My teeny little baby who was just born yesterday all tiny and squirmy is about to turn one. And boy is he ever cute! I love this age although it's much more difficult than the newborn who did nothing but eat sleep and poop. Sullivan has blossomed into a very active and adventurous little guy! He can now take 4 or 5 steps between objects. He gets mad if you move him away from things or take them away (and to think, I was worried when he didn't meet this milestone sooner... :p) He is smiley and cuddly but always on the go. He's half baby half little boy. Fun to toss around but also great for a cuddly nurse to sleep in my arms. I love how his personality is emerging more and more. Although he can be a tornado of destruction and frustration at times. It's interesting, when I thought about being a mom when I was pregnant it only extended about as far as 3 months postpartum. I never really thought about having a toddler. And I never really knew that as wonderful as motherhood is, it can be super hard at times too. I don't know how I managed to be in such a state of denial. While I adore being a Mom and it's certainly the best thing I've done with my life there are days when I just want to tear my hair out. Like last week for example. I went to a get together with 5 friends and their babies ages 3 months, 6 months, 8 months, 10 months and 13 months. We were having a farewell BBQ for a mom friend of mine who is moving to Welland (ugh, I don't want to think about it)
Anyways, it was a bad scene. Sullivan tore around wreaking total havoc. In the first 5 minutes he overturned a lamp, took down a candle and candle holder, and upended a coffee table. In the time it took me to get to the kitchen to get myself a hotdog he'd stolen 2 sippy cups from their unhappy owners and snacked upon dog food. Not only that but he was such a bully. He ran around the whole time knocking over, stepping on and attempting to pull himself up to a stand using other babies. Picture me, hotdog and plate of potato salad in one hand attempting to keep my baby from harm with the other hand. It was chaos.

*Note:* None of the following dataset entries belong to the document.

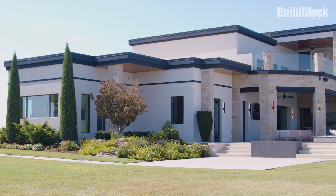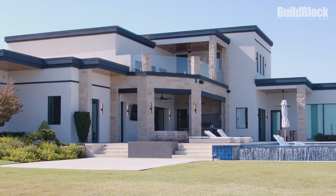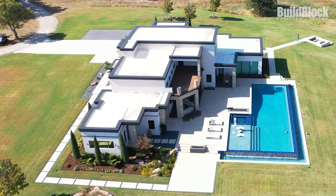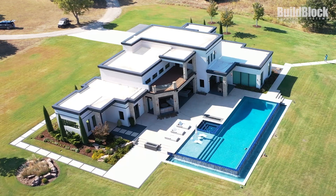This project specifically encompasses over 15,000 wall square feet, over 500 yards of concrete fully with the foundations, slabs, and walls. The entire structure all the way to the top of the parapet walls around the entire perimeter, including the patio, are made from ICF.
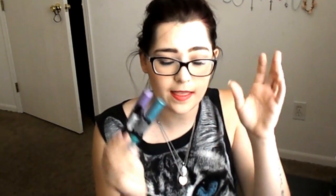My boyfriend actually found these and put them in the cart without me knowing. These are the Revlon Photo Ready Eye Arts — lid, line, lash. I honestly thought they were for nails at first because of how they look. I got the purple one and the blue one. This is what the applicator looks like — it's for eyeshadow and eyeliner. I can't wait to figure out how to use these in a tutorial because they seem really fun.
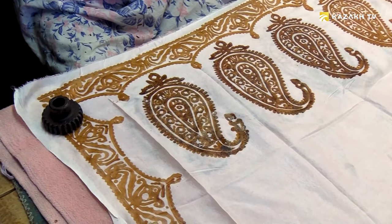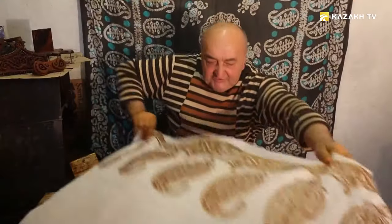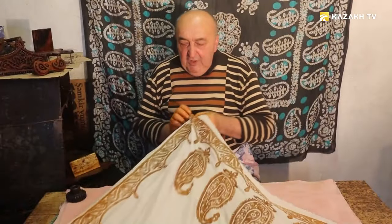If you do not boil it properly, the Kilagai can be rough. And if you overcook it, it becomes too soft and can tear quickly. After boiling, the fabric is washed several times to ensure that there is no soda left in it.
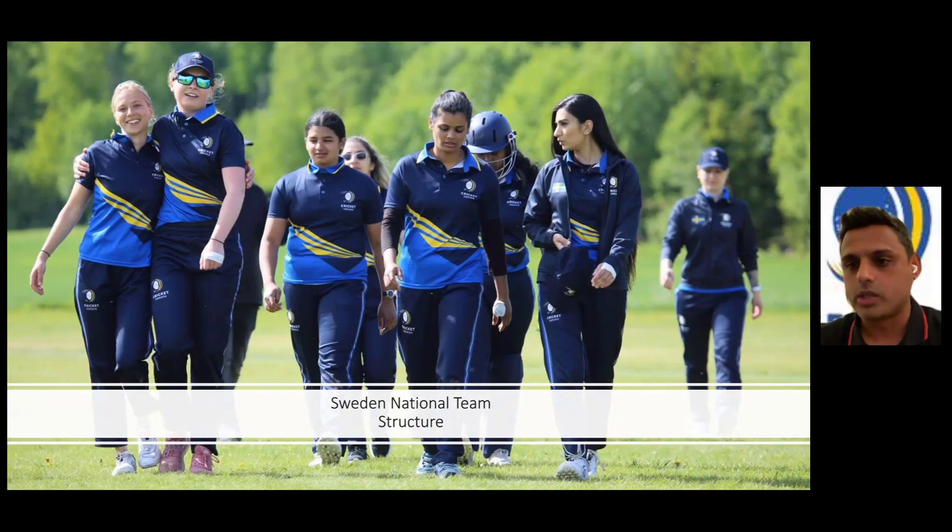Moving on to the national structure, this is the second segment of the presentation. We are now looking into the areas that we need to address at the top end of our triangle in order to be successful, but also has a huge value on what we're doing at the bottom end, or at least in the middle of our triangle, in order to make ourselves more progressive at the international level.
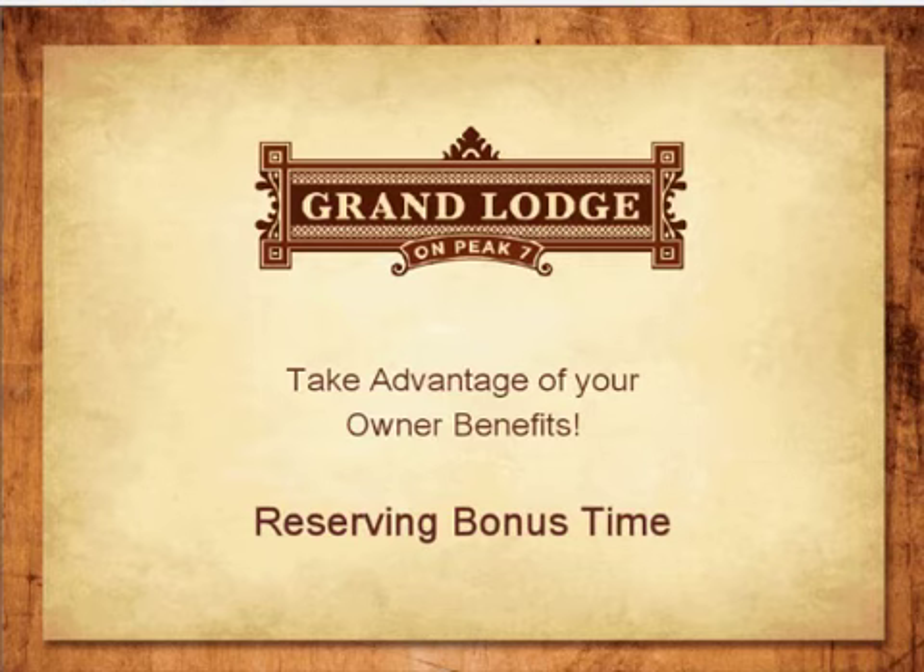Welcome! You are watching the Bonus Time webinar for the Grand Lodge on Peak 7. In this presentation, you will learn what your discounted owner rates are and when you can book these rates. Please note that our contact information will be displayed at the end of this presentation. If you have any questions, you can contact us between the hours of Monday through Saturday from 9 a.m. to 5 p.m. Mountain Time.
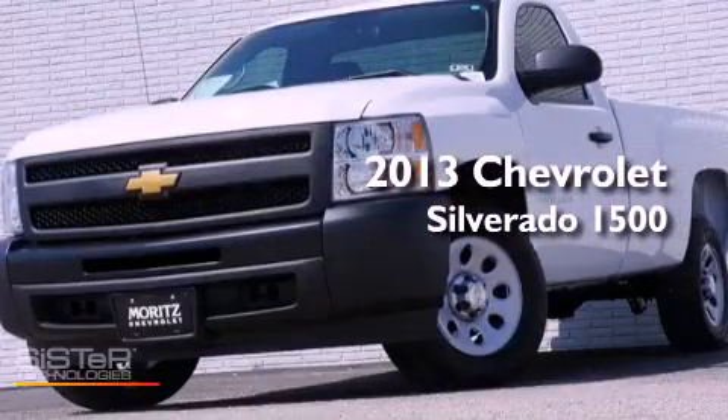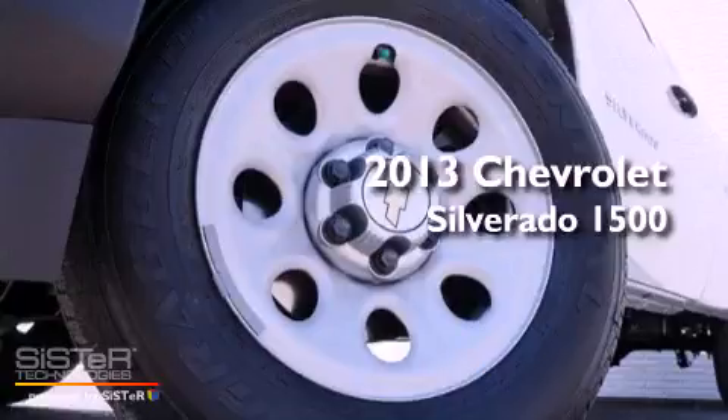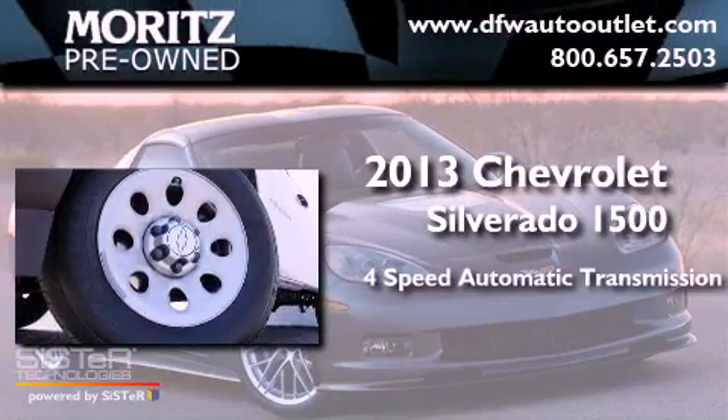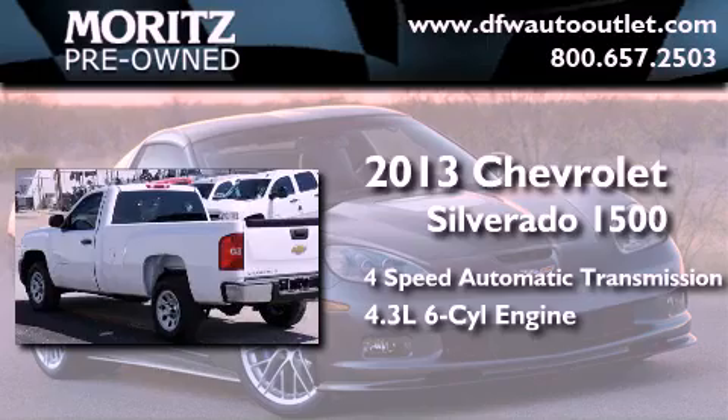This is a brand new 2013 Chevrolet Silverado 1500. This truck has a 4-speed automatic transmission and a 4.3-liter V6.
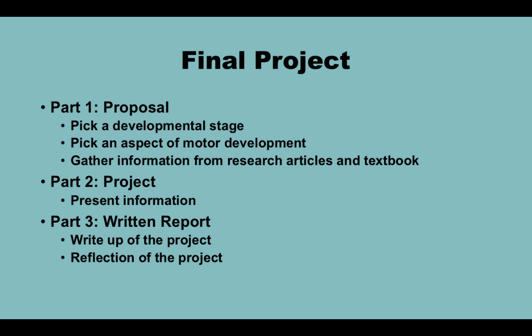You also have a final project in this course that consists of three parts: a proposal, a project, and a written report. In the proposal, you will pick a developmental stage and an aspect of motor development and gather basic information. In the second part, you'll present the information. The third part is a written report where you write up what you presented and reflect on what you've learned. There is a rubric under a module called Final Project in D2L with details on expectations for each section.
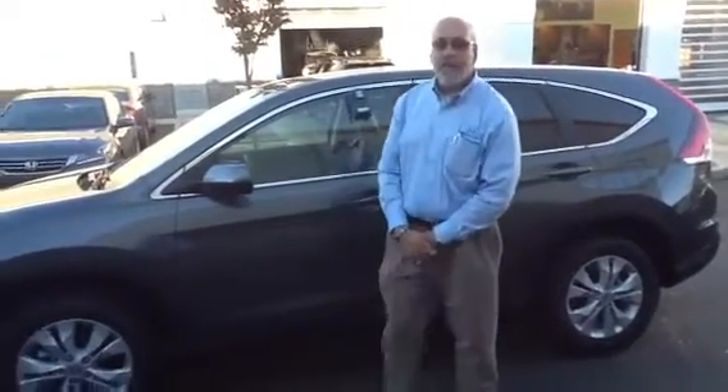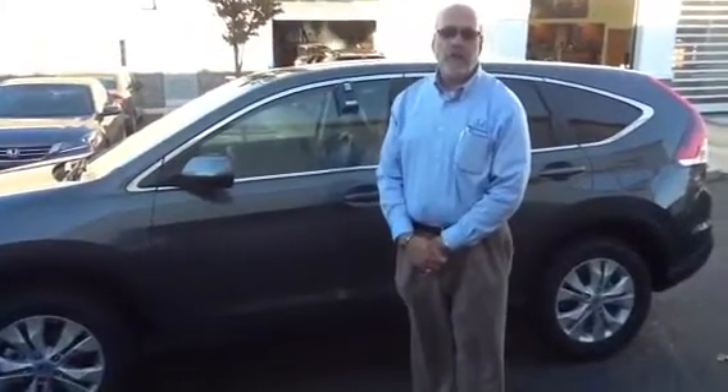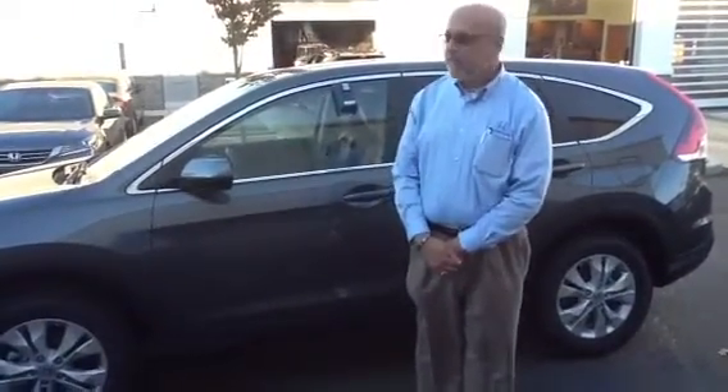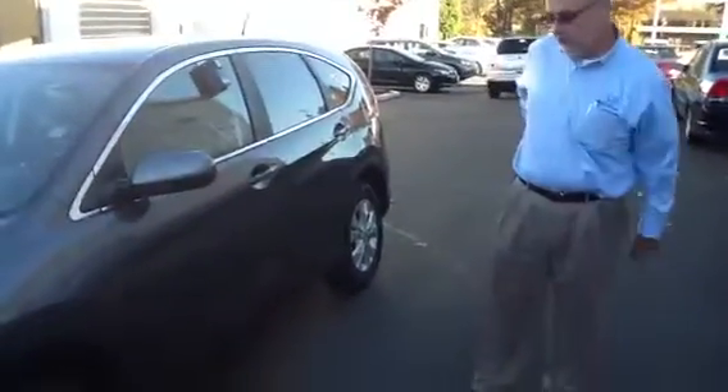Hey guys, this is Joe DiFavio at Honda Danbury. I'm just shooting a quick video for you guys for the 2013 Honda CR-V. I know that Black Friday is coming up pretty soon. If these are great in the snow, plus in fact you're going to get 30 miles to the gallon on the highway with the Econ button, even more. So just a quick review of the car.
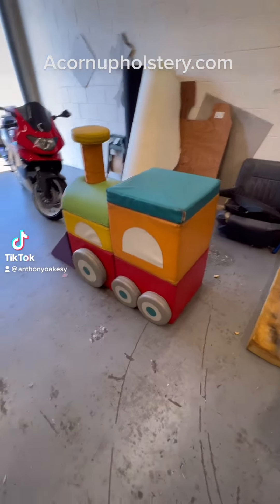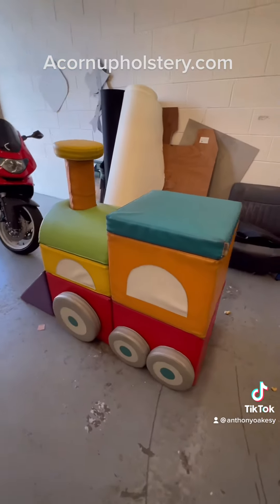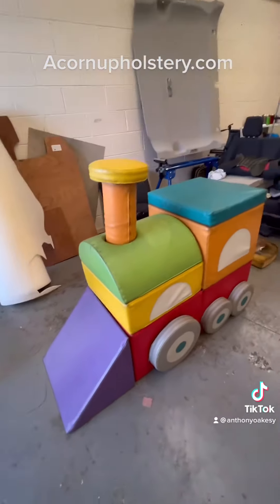Hello and welcome to Acorn of Hall Street. I've got a bit of an interesting job to do — a little train for soft play at the railway museum in Schilden. It's going to be pretty cool when it's done. I'm quite excited to do it actually.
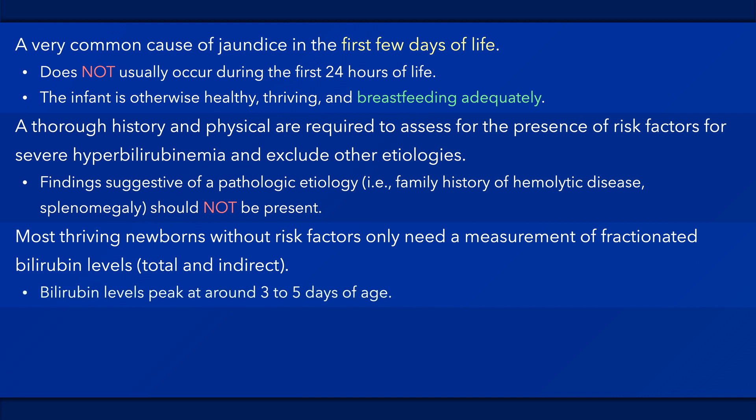Total bilirubin levels usually reach a peak around 3–5 days of age. The total bilirubin levels should rise by less than 5 mg per deciliter per day and should not rise higher than 12 mg per deciliter. Otherwise, an evaluation for pathologic etiologies is required.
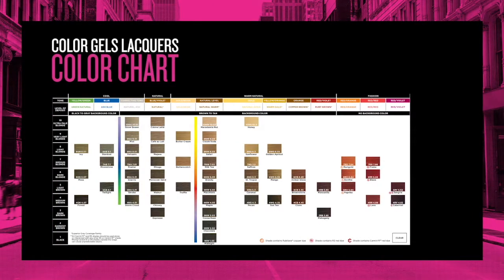Knowing how to read the label on each ColorGels lacquer bottle will help you successfully identify and select the appropriate shade to suit your client's needs. ColorGels lacquers is formulated with the traditional 10 level system. Each shade is identified by a number, which indicates the level, and one or two letters, which identify the tone or tones.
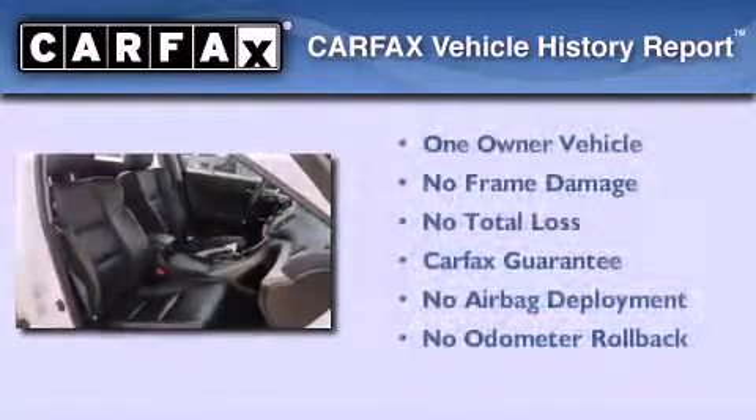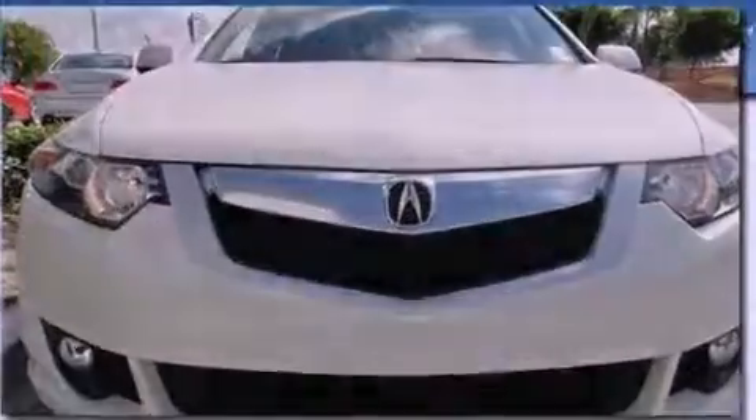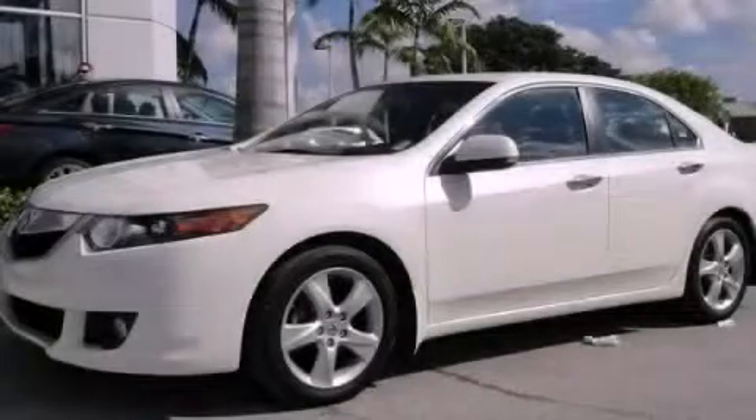This Acura has had only one owner, and it qualifies for the Carfax buyback guarantee. Call or visit us right now and arrange your test drive today.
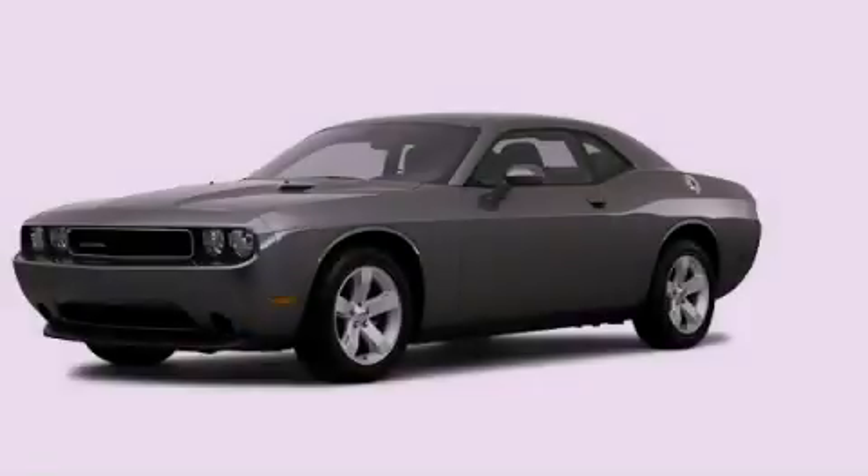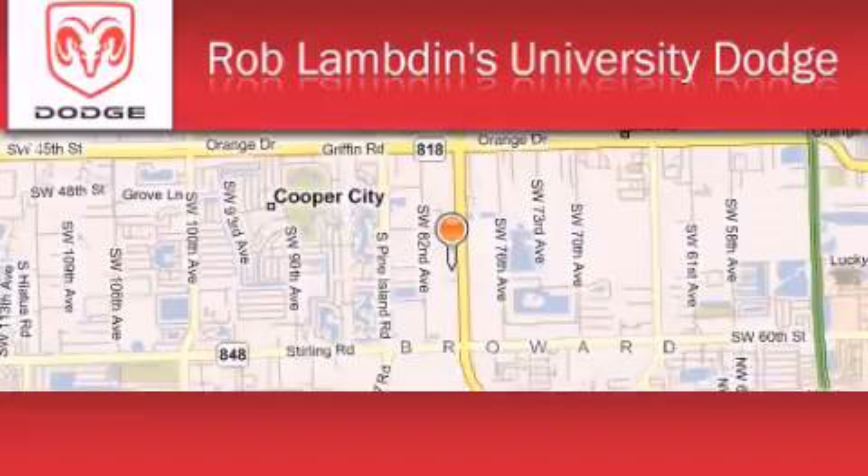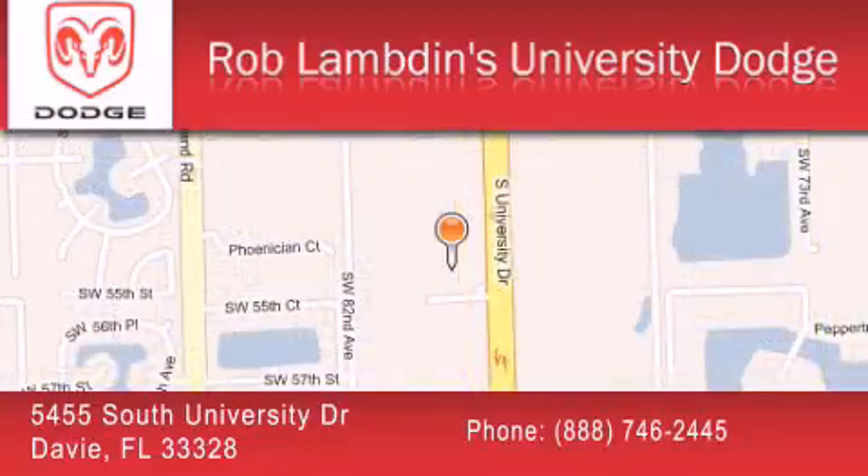Stop by today and test drive this vehicle for yourself. Rob Lambden's University Dodge is located at 5455 South University Drive in Davie. Our goal is to exceed all of your expectations to ensure that you'll return for future visits.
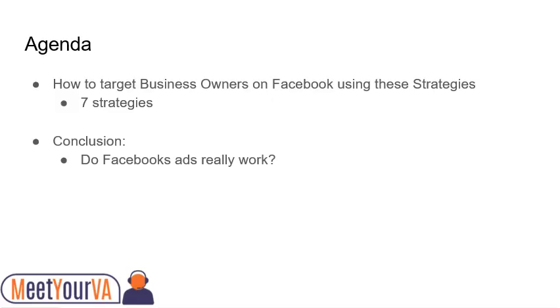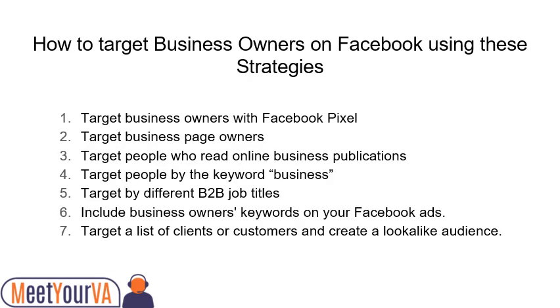In today's agenda, let's learn how to target business owners on Facebook using these strategies, and to conclude: do Facebook ads really work? Let's get started.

The other babies, 2 of them quite mobile, played nicely with the toys set out and made nowhere near the attempts at destruction my kid did.
Add to this that by the end of the day he was so overtired, we got in a bit of a row
S- "waaaahhh!"
Me "no baby, I'm sorry but we don't use other babies as climbing aparatuses"
S -"WAAHHH!!"
Me "baby, mommy's about to sell you to the gypsies, please sit still!"
S-"WAWAWAWAWAHHHH!!!! WAHHH!!"
Me "Mommy just wants to eat her hotdog, please calm down or I'll send you out to play in traffic!!"
yeah, it wasn't one of my better mommy moments.
Thankfully, those days don't happen too often. As always I thank my lucky stars for such an easygoing baby even if he can be destructo tot supreme.
Sleeping is getting better but it's still a work in progress. We're getting there slowly though. And, thanks to sudden nightweaning my period which was joyfully absent for about 21 months has now returned. Blaaahhh.
In other news, I start my job babysitting for a little girl named Neveah on the 25th. I'm excited to get started but a little concerned because I know nothing about almost 3 year olds. But I am thrilled to have a job where I can stay at home with Sullivan.
time is just flying right now because I'm enjoying life so much. This last year has been great, but now that it's summer and it's warm and I have mom friends and playdates and Andrew's home life is just so fantastic it's speeding away from me much too quickly. I wake up and it's Monday and the next thing I know it's Friday and I've just lost all these days with playdates and library trips and visiting. I know one day I'll look back on this time so happily. Just like that summer when I was in Guelph. If there's one thing I regret in years past, it's missing out on those times! I do hope, now that Andrew and I have a car that we can go visiting more often. Right now I'm trying to arrange a get together with Katie. :)
I guess that's all that is new for now!